Police officers in Rhode Island fatally shot a driver in Providence after chasing him over 20 miles in an attempt to arrest him. His teenage daughter, a passenger, was shot in the leg, police said.
Two police officers who tried to stop the man and a hospital nurse also were hurt during the chase, police said at a news conference Saturday.
Police unsuccessfully tried to stop Michael Pinto, 40, of Glocester, Rhode Island, for a motor vehicle violation Thursday in the town of Burrillville, said Stephen Lynch, town police chief. Pinto drove off after a brief chase. Burrillville police next saw Pinto on Friday night, now wanted on an arrest warrant accusing him of eluding police. They chased him again. At the time, Pinto was out on probation on an animal cruelty charge, the Boston Globe reported.

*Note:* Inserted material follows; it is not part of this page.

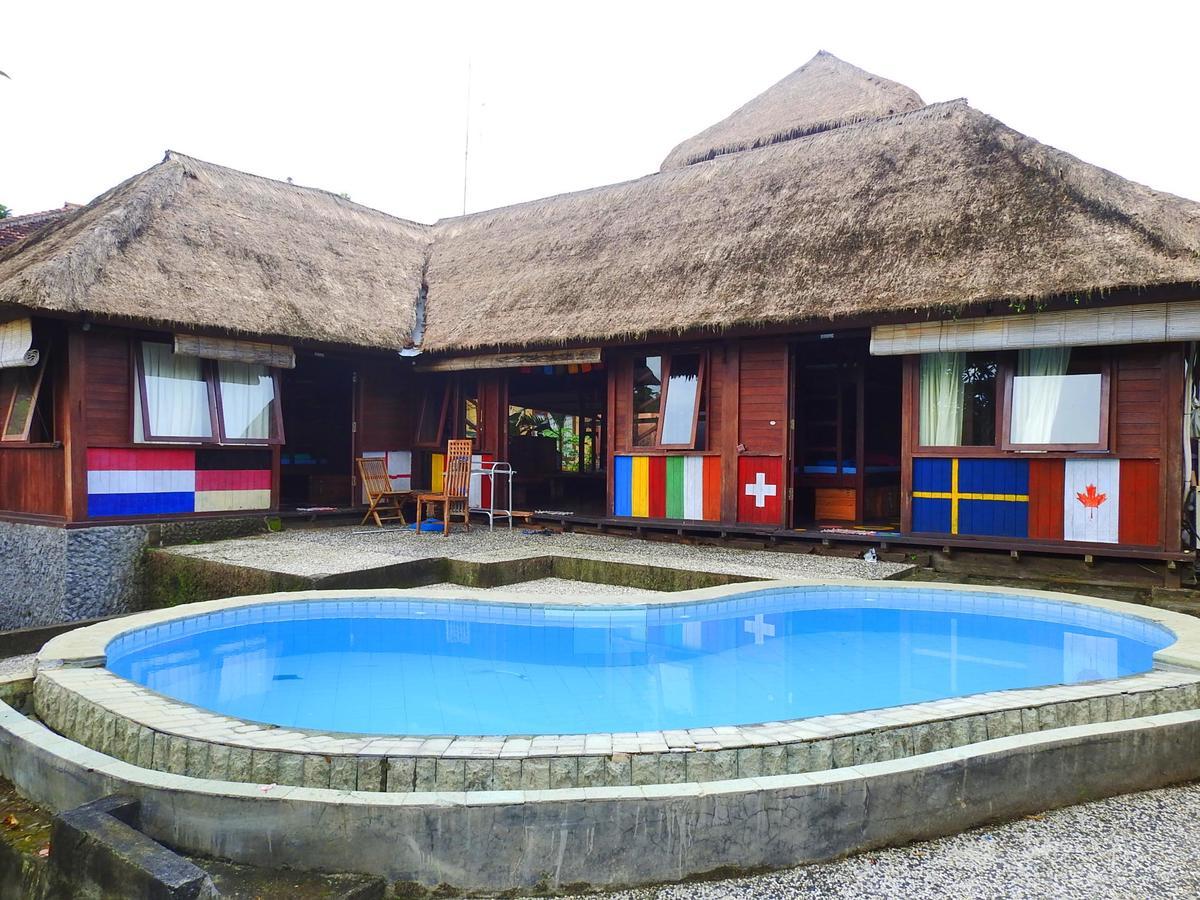 Mandala Hostel Ubud Экстерьер фото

The pursuit briefly went into Massachusetts before moving to Route 146 in Rhode Island, which had a lot of traffic. Police eventually tried to “box him in with their vehicles,” Lynch said. Two officers got out of their cars and Pinto drove at one of them, Lynch said. That officer, who was injured, fired two rounds into Pinto’s car before it drove away, striking a police cruiser, Lynch said.
Police later saw Pinto’s car in Providence and chased him before he got caught in traffic again. Another officer was injured while trying to get Pinto out of the car. Pinto had put his car in reverse, hitting an unmarked police vehicle, and then drove over sidewalks, hitting a nurse at a nearby hospital, Providence Police Chief Oscar Perez said.
Two Providence police officers then approached Pinto’s car, one from the front, the other from the rear, as the car started in reverse again. The officers fired, Perez said. Pinto and his daughter, a minor, were removed from the car and he later died at a hospital. She survived.
Lynch said his police officers didn’t know there was anyone else in the car. Perez said police learned of the daughter’s injury when they heard that Pinto died.
The Providence officers and the Burrillville officer are on administrative leave as state police and the attorney general’s office investigate.